Die Gemeinden rüsten sich für die Kommunalwahl am 6. Mai 2018. Die Themen sind klar umrissen und bereits jetzt Bestandteil der politischen Diskussionen: Straßenausbaubeiträge, Windkraft, Kita-Gebühren, Haushalt, ÖPNV oder Großprojekte wie die Nooröffnung oder Entwicklung des Bahnhofsquartiers in Eckernförde. Mit Spannung wird allerorten die Aufstellung der Kandidaten erwartet. Und da sollen insbesondere die Frauen eine stärkere Rolle spielen und mitentscheiden, was in den Gemeinden passieren soll. Mit ihrer großen Kampagne „Frauen in die Kommunalpolitik“ unterstützen sechs Gleichstellungsbeauftragte aus dem Kreis Rendsburg-Eckernförde bereits seit Januar eine stärkere Einbindung von Frauen in die Politik vor Ort, dort, wo Entscheidungen die Menschen direkt berühren. Gestern informierten Bibeth von Lüttichau, Gleichstellungsbeauftragte des Amtes Hüttener Berge, und ihre Amtskollegin Nina Jeß vom Amt Schlei-Ostsee mit Unterstützung von Politikerinnen aus der Region die Passanten in der Fußgängerzone in Eckernförde. „Vor Ort: Mitreden, Mitentscheiden, Mitgestalten“ lautete die Botschaft der Abschlussaktion. Die freundliche Ansprache durch die beiden Gleichstellungsbeauftragten sowie bekannte Politikerinnen wie Serpil Midyatli, stellvertretende Fraktionsvorsitzende der SPD-Landtagsfraktion, der SSW-Abgeordneten Jette Waldinger-Thiering oder der beiden Bürgermeisterinnen Ulrike von Bargen (CDU) aus Thumby und Ursula Schwarzer (SPD) aus Fleckeby und natürlich die Bedeutung des Themas an sich kamen gestern vormittag bei fast allen Passanten gut an. Schnell war man im Gespräch, man sah angeregte Diskussionen und viel Kopfnicken bei Frauen und bei Männern.
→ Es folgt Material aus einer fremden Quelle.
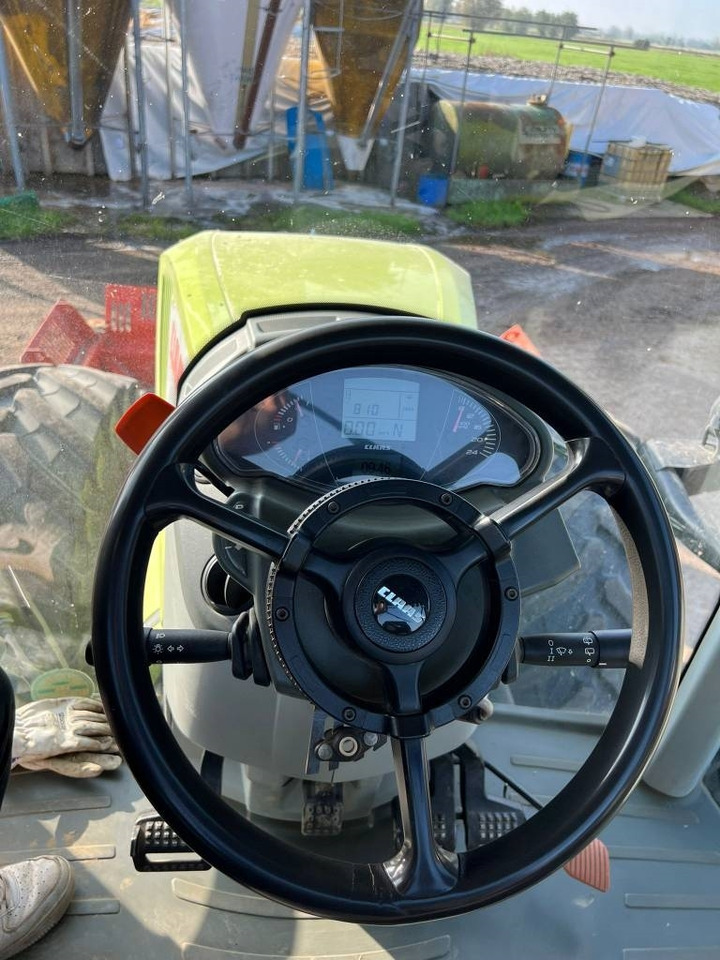 Claas Axion 930 - جرار: صورة 5 Claas Axion 930 - جرار: صورة 5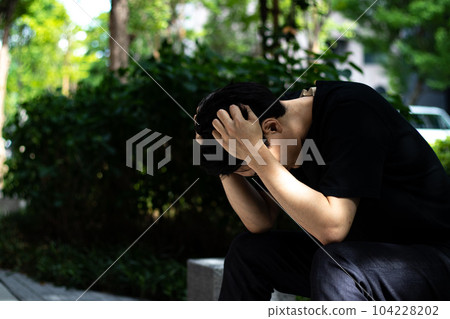 抱著頭的男人 抱著頭的男人 104228202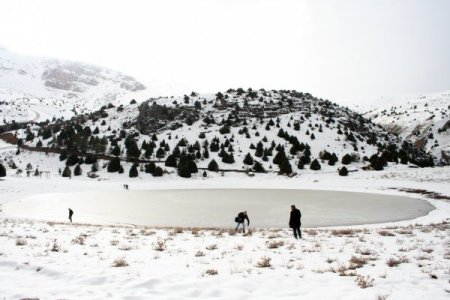 Buz tutan Ardıçlı Gölü kışın ayrı bir güzelliğe büründü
„Es ist sehr wichtig, dass sich mehr Frauen in der Kommunalpolitik engagieren“, sagt Jette Waldinger-Thiering. Während die Eckernförder Ratsversammlung mit zahlreichen engagierten Frauen weiblich gut bestückt sei, sei dies bis auf Ausnahmen im Umland leider noch nicht so ausgeprägt. „Torten für das Kinderfest werden wie selbstverständlich von Frauen gebacken, aber im Bau- und Finanzausschuss muss man nach ihnen suchen“, sagt Bibeth von Lüttichau, die sich mehr Mut von den Frauen und mehr Unterstützung durch die Männer wünscht. „Frauen sollten sich ruhig trauen. Es ist wichtig, dass Frauen in ihrem Lebensumfeld gestaltend mitwirken.“ Viele Frauen wüssten beispielsweise nicht, dass Gemeinden auch nachgewiesene Kinderbetreuungskosten oder Pflegekosten für die Zeit der ehrenamtlichen Tätigkeit in der Kommunalpolitik ersetzen. Auch Verdienstausfall, Fahrt- und Reisekosten würden laut der Entschädigungsverordnung des Landes übernommen.
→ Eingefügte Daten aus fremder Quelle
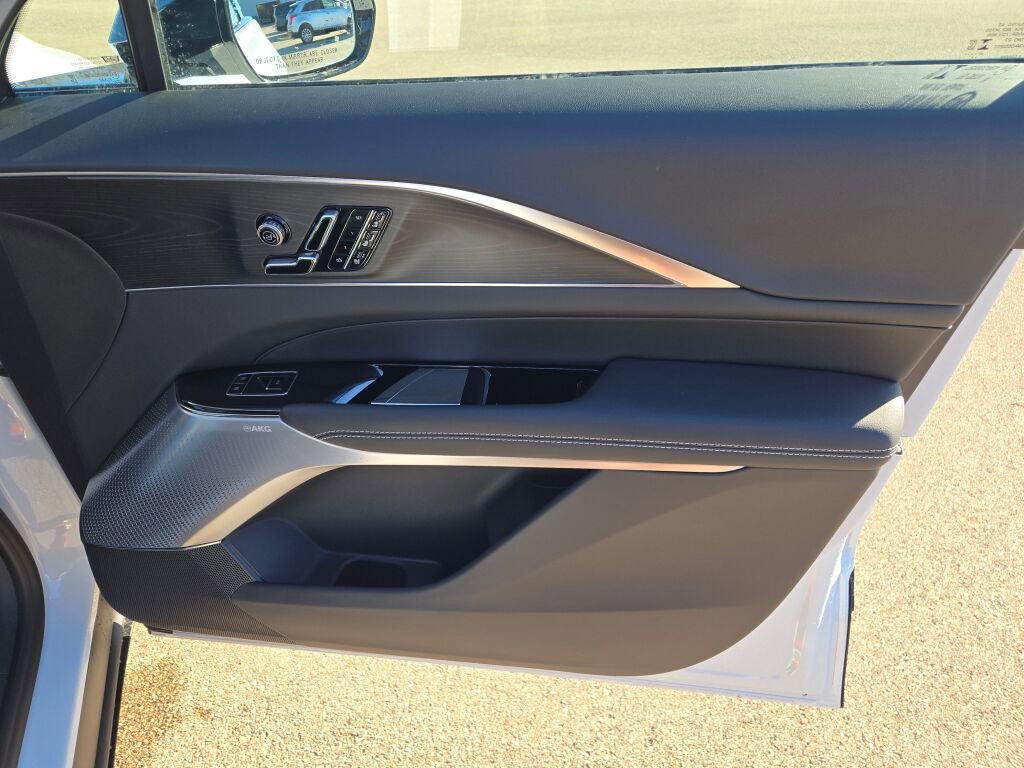 New 2026 Cadillac Lyriq Premium Sport image 5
Aber an erster Stelle steht das Engagement und der Wunsch der Frauen, in ihren Gemeinden Verantwortung zu übernehmen. So wie dies beispielsweise Ulrike von Bargen in Thumby oder Ursula Schwarzer in Fleckeby tun. „Wir möchten gerade auch Männer mobilisieren, dass sie Frauen ermutigen, sich in der Kommunalpolitik zu engagieren“, sagt Ulrike von Bargen. In Thumby gebe es neben ihr nur noch eine Gemeindevertreterin. In Fleckeby sind es drei von 15 Gemeinderatsmitgliedern. Die Kandidatenliste zumindest der SPD für die nächste Kommunalwahl ist aber schon mal paritätisch besetzt, sagt Bürgermeisterin Schwarzer.